語られる言葉の河へ

2010年1月29日開設
大岡昇平、佐藤優、読書

【政治】震災後2度目の統一地方選 ~異例なほど注力する自民党本部~

2015年03月17日 | 社会
 (1)3・11における死者は15,891人だ。
 あれから4年。復興を実感させるのは仙台ぐらいだ。今なお24万人が仮設住宅での生活を余儀なくされている。
 しかも、4年の歳月が新たな問題を生み始めている。政府や地元自治体が立てた復興計画と地元住民のニーズが合わなくなっているのだ。
 被災した居住地への帰還希望者が激減している、という調査結果もある。被災直後に求められた「衣・食・住」から「医・職・住」への変化が起きているためだ。
 
 (2)安倍晋三・首相は、3月10日、震災満4年に際して行った記者会見で語った。
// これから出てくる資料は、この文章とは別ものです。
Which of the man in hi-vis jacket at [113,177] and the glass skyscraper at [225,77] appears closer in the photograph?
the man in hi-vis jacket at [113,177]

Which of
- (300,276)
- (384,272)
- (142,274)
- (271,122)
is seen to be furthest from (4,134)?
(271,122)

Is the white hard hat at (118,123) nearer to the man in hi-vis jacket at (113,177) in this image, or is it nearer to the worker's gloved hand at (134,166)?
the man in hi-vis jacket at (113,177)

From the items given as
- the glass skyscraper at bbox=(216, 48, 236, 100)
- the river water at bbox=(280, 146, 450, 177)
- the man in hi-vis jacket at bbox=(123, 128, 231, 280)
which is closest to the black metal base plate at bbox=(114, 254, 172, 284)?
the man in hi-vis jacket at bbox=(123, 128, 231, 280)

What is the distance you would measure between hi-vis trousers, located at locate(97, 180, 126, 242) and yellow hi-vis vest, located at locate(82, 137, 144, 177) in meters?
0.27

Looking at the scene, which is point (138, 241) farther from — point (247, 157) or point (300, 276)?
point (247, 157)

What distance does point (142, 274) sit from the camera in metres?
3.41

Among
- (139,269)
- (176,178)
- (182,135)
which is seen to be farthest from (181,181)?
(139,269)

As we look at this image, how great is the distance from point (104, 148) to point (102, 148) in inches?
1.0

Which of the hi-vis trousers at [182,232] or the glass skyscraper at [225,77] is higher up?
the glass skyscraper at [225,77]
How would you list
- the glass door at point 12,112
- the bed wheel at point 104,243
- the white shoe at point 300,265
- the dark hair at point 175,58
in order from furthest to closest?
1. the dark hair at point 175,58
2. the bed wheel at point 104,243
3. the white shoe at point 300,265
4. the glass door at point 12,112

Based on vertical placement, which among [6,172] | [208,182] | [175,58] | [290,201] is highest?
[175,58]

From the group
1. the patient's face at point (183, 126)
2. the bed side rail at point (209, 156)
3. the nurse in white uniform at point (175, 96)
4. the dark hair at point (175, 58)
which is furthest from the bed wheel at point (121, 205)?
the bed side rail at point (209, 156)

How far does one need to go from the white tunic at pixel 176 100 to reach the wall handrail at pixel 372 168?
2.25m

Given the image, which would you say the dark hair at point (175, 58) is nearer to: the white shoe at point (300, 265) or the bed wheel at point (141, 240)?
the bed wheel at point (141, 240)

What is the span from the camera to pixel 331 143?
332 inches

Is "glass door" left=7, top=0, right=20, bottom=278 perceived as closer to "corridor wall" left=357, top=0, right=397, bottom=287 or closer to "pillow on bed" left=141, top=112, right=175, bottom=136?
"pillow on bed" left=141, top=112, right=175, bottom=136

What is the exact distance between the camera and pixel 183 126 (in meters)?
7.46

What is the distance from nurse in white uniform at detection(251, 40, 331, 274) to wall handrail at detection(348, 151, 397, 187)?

「心の復興に一層力を入れ、なりわいの復興も加速していく」
 だが、その復興策を裏付ける具体的な青写真は見えない。財源の裏付けも明確でない。
 被災地では、大震災が過去のものとなる「風化」と、原発事故に端を発した「風評被害」という二つの「風」に直面したまま時間が止まっている。
 自民党は3・11を「東日本大震災の日」とするよう野党側に働きかけているが、福島県出身の荒井広幸・新党改革代表は強く反発する。「われわれの被害は現に進行中である。記念日的なものは何の意味もない。忘れたくても忘れられないのが3・11だ」
 「風化」が進行しているのは、東北よりむしろ永田町かもしれない。

 (3)3・11以降、わずか4年間に国政選挙が3回実施され、3人の首相が登場、加えて政権も民主党から自民党へ移行した。これでは一貫した復興策が進まないのも当然だ。
 ましてや2012年の衆院選では119人の自民党衆議院議員が新たに誕生し、このうち2回生になったのが107人。いわば政治の内部構造も激変したのが、この4年間だった。 
 そして、4年を経てめぐってきたのが統一地方選だ。

 (4)4年前の統一地方選は、大震災と重なったから、印象が薄い。
 ただし、3・11当日にはドラマがあった。大きな揺れが起きる1時間前、石原慎太郎・知事が東京都議会の本会議で自分の去就を明らかにした。4選をめざして出馬すると。
 石原は圧勝した。彼に限らず、このときの統一地方選は大震災直後という時代の空気を反映したのか、変化より安定が優先され、現職組が圧倒的に強かった。
 それから4年。こんどは地方の変革による「地方創生」が叫ばれる中で地方政治の代表が選ばれることになる。
 すでに昨年、原発の再稼働が争点になった滋賀(7月)や、米軍基地をめぐる沖縄、農協改革が争われた佐賀の3県知事選で与党(自公)の推薦候補が敗退している。
 「1強」と言われながら、地方には政権に対する不満が潜在的に存在する。
 さらに、通常国会閉会後は、政権の安定感が失われつつあるやに見受けられる。西川公也・前農林水産相の辞任に始まり、複数の閣僚が「政治とカネ」問題で窮地に立つ。
 西川の辞任の日に、中川郁子・農水政務官と門博文・自民党衆議院議員のお粗末なスキャンダルが週刊誌に掲載された。
 
 (5)政権の緩みが随所に顔をのぞかせる。安倍自身が衆院予算委員会で民主党の質問者へ野次を飛ばす様子がテレビで生中継された。
 そんな中で迎える統一地方選。
 4年前は石原が任期途中で国政に転じた。今回は、そういった目玉となる選挙がない。盛り上がりに欠ける。だが、来年の参議院選を見据えて、全国各地の政治的地殻変動を探る上で、極めて重要な意味を持つ。参院選の前哨となるのが、今回の地方選だ。
 知事選は、北海道を始め、10都道府県。
 このうち与野党対決型は北海道、奈良、大分の3府県。
 また与野党の政治情勢の党勢を占う上で、重要な指標となるのが41の都道府県県議選だ。
 このうち12都道府県で過半数割れしている。
 被災地を含む地方の有権者は安倍政権をどう見ているか。 
 統一地方選は、そのリトマス試験紙である。

□後藤謙次「震災後2度目の統一地方選に自民党本部は異例なほど注力 ~永田町ライブ!No.234」(「週刊ダイヤモンド」2012年7月7日号)に拠る。